CAPÍTULO III - Normativo legal. Crimes contra a Honra. Breve exposição acerca da calúnia.

3. Calúnia. Conceituação

O crime de calúnia vem expressado no Art. 138, CP, verbis: "Caluniar alguém, imputando-lhe falsamente fato definido como crime. Pena: Detenção, de 6 (seis) meses a 2 (dois) anos, e multa".

A conceituação legal sofreu algumas variações nas codificações anteriores, mas manteve sua base principal. O código de 1830, fiel ao Código Francês, esboçava legislação parecida com a atual. No seu artigo 229 asseverava que "Julgar-se-á crime de calúnia o atribuir falsamente a alguém um fato, que a lei tenha qualificado criminoso e em que tenha lugar a ação popular ou procedimento oficial de justiça".

Já o Código Penal de 1890 conceituava calúnia no seu artigo 315 como sendo "Falsa imputação feita a alguém de fato que a lei qualifica crime". Assim, a atribuição falsa de fato definido como crime, circunda o crime de calúnia. Saindo desse campo, crime de calúnia não há.

Para Damásio de Jesus [21]"calúnia é o fato de atribuir a outrem, falsamente, a prática de fato definido como crime (CP, art. 138, caput)". Assentando outros quesitos é que Cézar Bitencourt aduz que [22] "Calúnia é a imputação falsa a alguém de fato definido como crime. (...) A calúnia é, em outros termos, uma espécie de "difamação agravada" por imputar, falsamente, ao ofendido não apenas um fato desonroso, mas um fato definido como crime" pontificando, ainda, que:

São previstas duas figuras típicas: a) imputar falsamente (caput): tem o sentido de atribuir, acusar; b) propalar ou divulgar (§ 1º): é tornar público. Para que o fato imputado possa constituir calúnia, precisam estar presentes, simultaneamente, todos os requisitos do crime: a) imputação de fato determinado qualificado como crime; b) falsidade da imputação; c) elemento subjetivo – "animus caluniandi". A ausência de qualquer desses elementos impede que se possa falar em fato definido como crime de calúnia.

Assim, para que se concretize o crime de calúnia necessário, de antemão, que a afirmação constitua fato típico, antijurídico e culpável (não se adentrando ao mérito se a culpabilidade é pressuposto do crime ou da pena). Aliado a isso, a afirmação deve ser inverídica, com o Animus de efetuar a calúnia. Faltando qualquer desses requisitos, crime de calúnia não há. Nesse tocante seguem julgados [23].

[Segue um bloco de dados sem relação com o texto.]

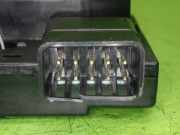 Sensor Lenkwinkel VW TOURAN (1T1, 1T2) 2.0 EcoFuel 1K0959654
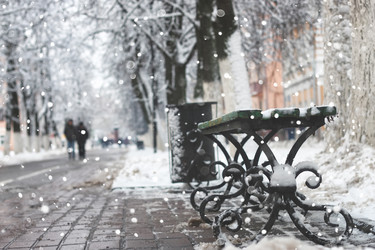 Similar image 13054484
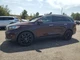Used Park Assist Camera fits: 2020 Kia Sorento radar unit front behind grille ad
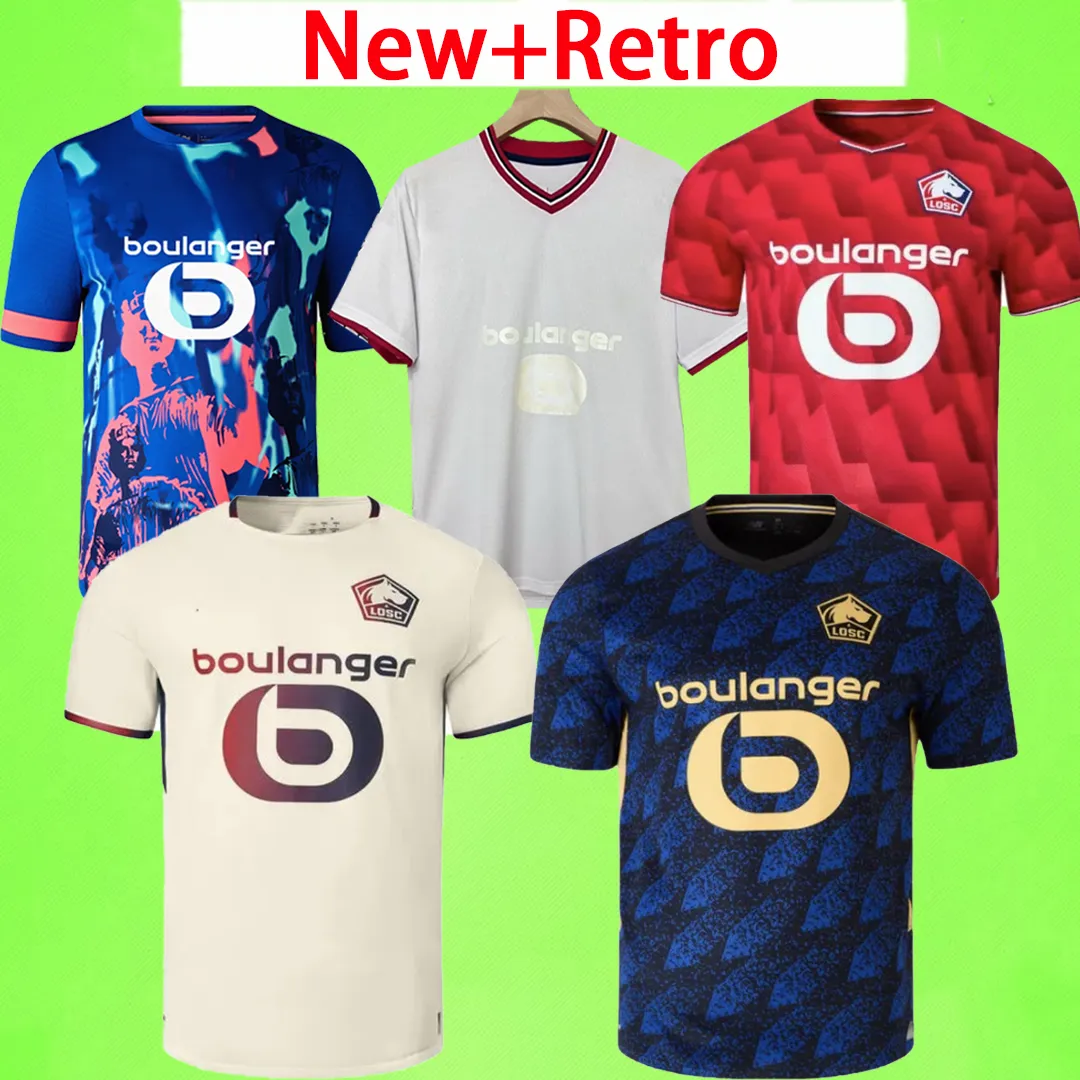 /24 Football Shirt: Premium Quality Soccer Jersey for Men, Women Kids  Shop Now!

HABEAS CORPUS. CRIME CONTRA A HONRA. CALÚNIA PROFERIDA POR ADVOGADA CONTRA SERVIDOR PÚBLICO NO CURSO DE PROCESSO PREVIDENCIÁRIO. TRANCAMENTO DA AÇÃO PENAL. DESNECESSIDADE DE PROFUNDA ANÁLISE DA PROVA PARA SE CONSTATAR A INEXISTÊNCIA DE DOLO DA AGENTE. ANIMUS NARRANDI E/OU DEFENDENDI EVIDENCIADO. ATIPICIDADE DO ATO IMPUTADO À PACIENTE. FALTA DE JUSTA CAUSA À PERSECUÇÃO PENAL. ORDEM CONCEDIDA.(...) 2. Se os fatos que deram azo ao processo-crime estão impregnados de animus narrandi e/ou defendendi e apresentam-se em total consonância com o relatado pelos clientes da paciente, tanto nas declarações que prestaram, quanto nos depoimentos de suas testemunhas perante a autoridade judicial, resta evidenciada a ausência de dolo por parte da advogada, que simplesmente agiu no exercício regular de seu direito, que era defender seus constituintes. (...) 4. Ordem concedida para trancar a ação penal.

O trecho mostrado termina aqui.